─── Exercise data
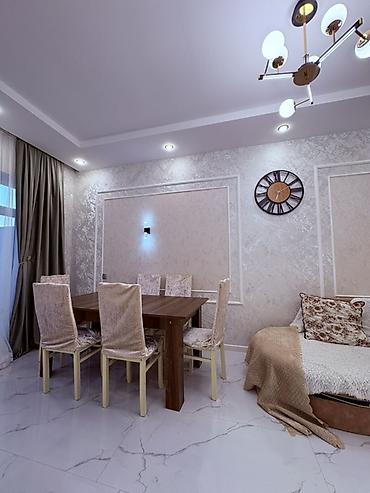 masalı: Mərdəkan 4 otaqlı, 150 kv. m, Yeni təmirli — 8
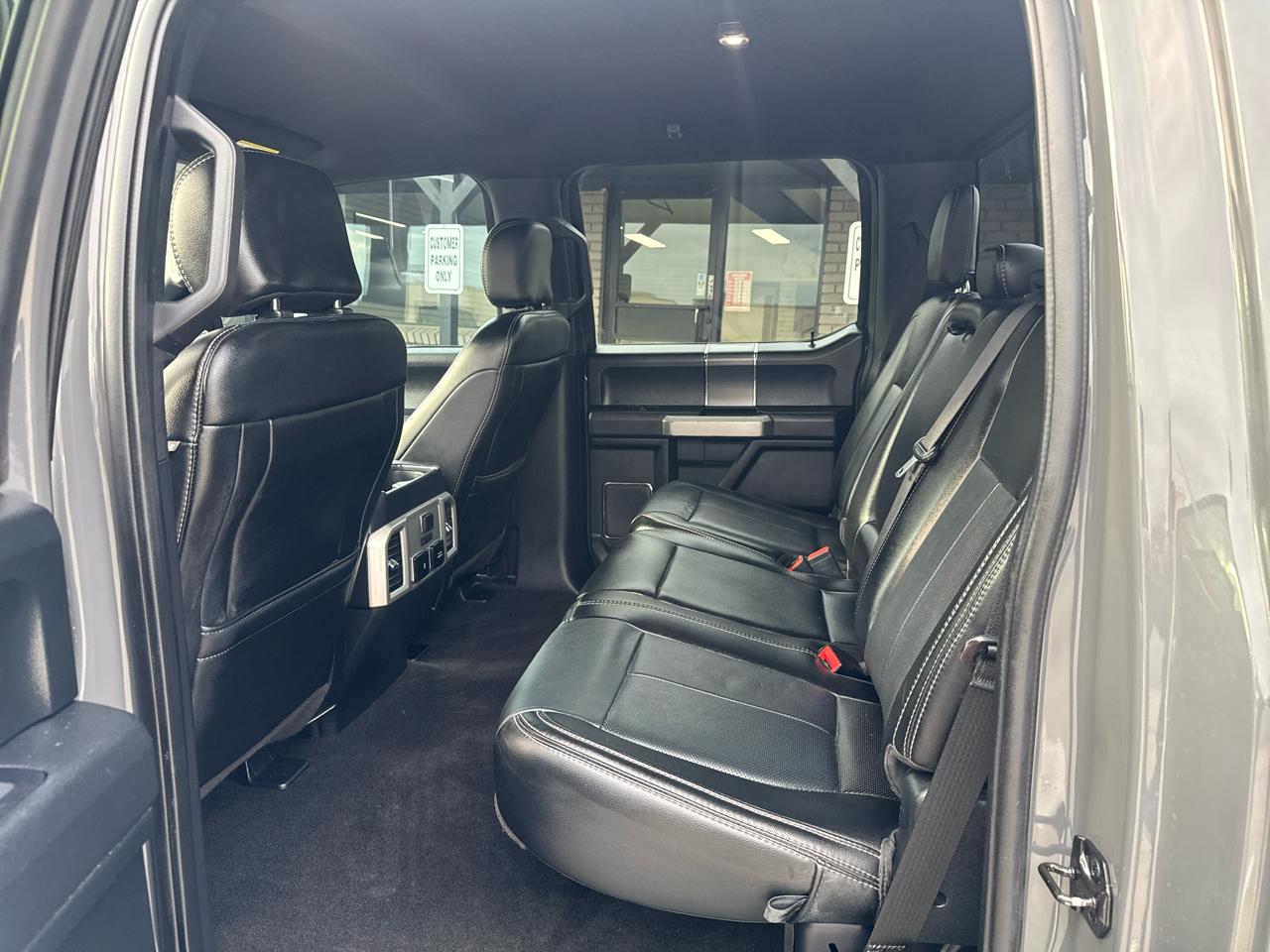 Ford F-150 Lariat SuperCrew 6.5-ft. Bed 4WD 2020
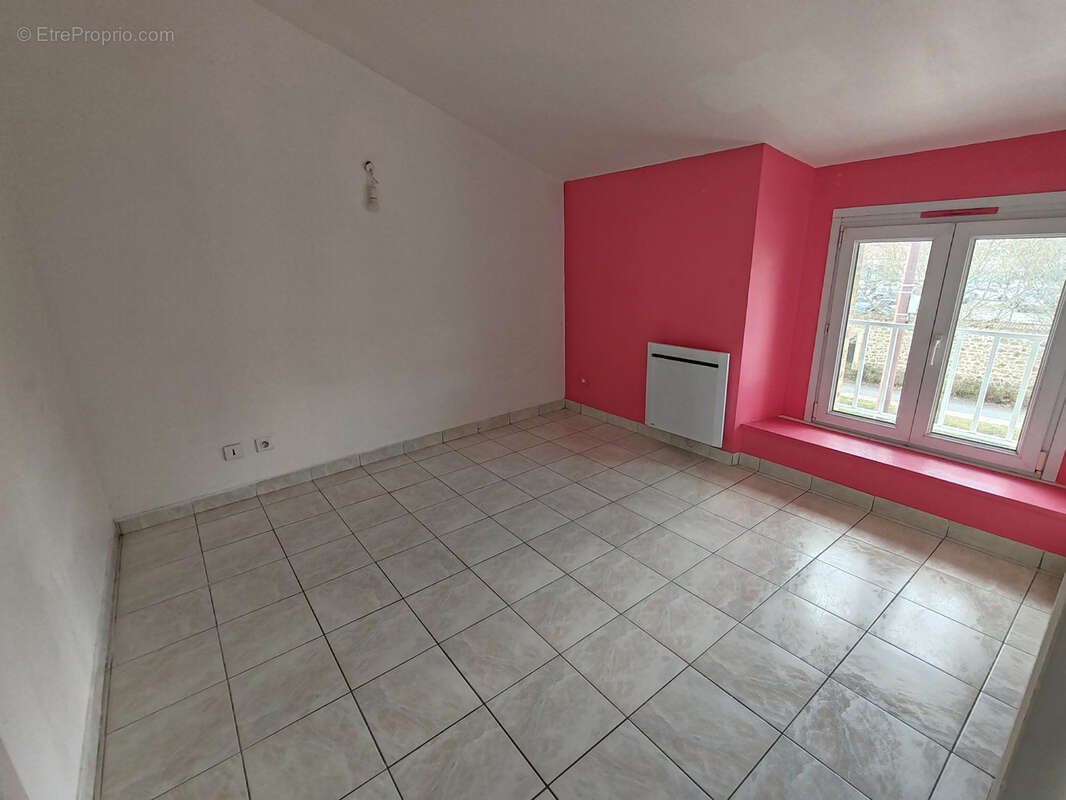 Appartement à CHALONS-EN-CHAMPAGNE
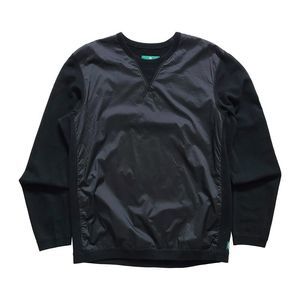 Reigning Champ Terry Crewneck Sweatshirt Mens Large Ripstop Stretch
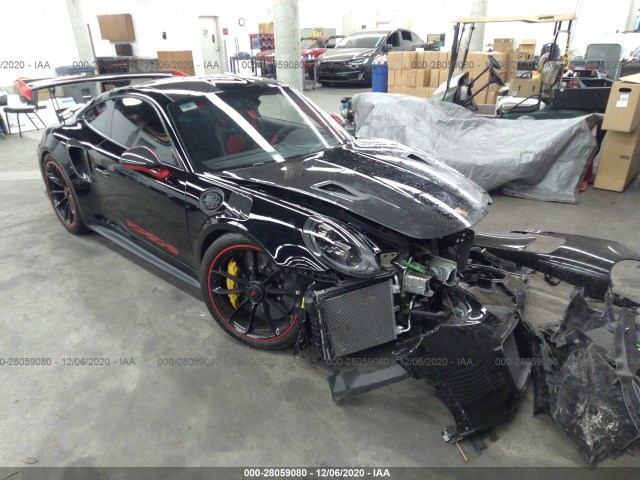 Porsche 911 (2019)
──────
- _Exercise details_: Without any of the pictures, set the entries down again exactly as written.

- _Worked solution_:
 masalı: Mərdəkan 4 otaqlı, 150 kv. m, Yeni təmirli — 8
 Ford F-150 Lariat SuperCrew 6.5-ft. Bed 4WD 2020
 Appartement à CHALONS-EN-CHAMPAGNE
 Reigning Champ Terry Crewneck Sweatshirt Mens Large Ripstop Stretch
 Porsche 911 (2019)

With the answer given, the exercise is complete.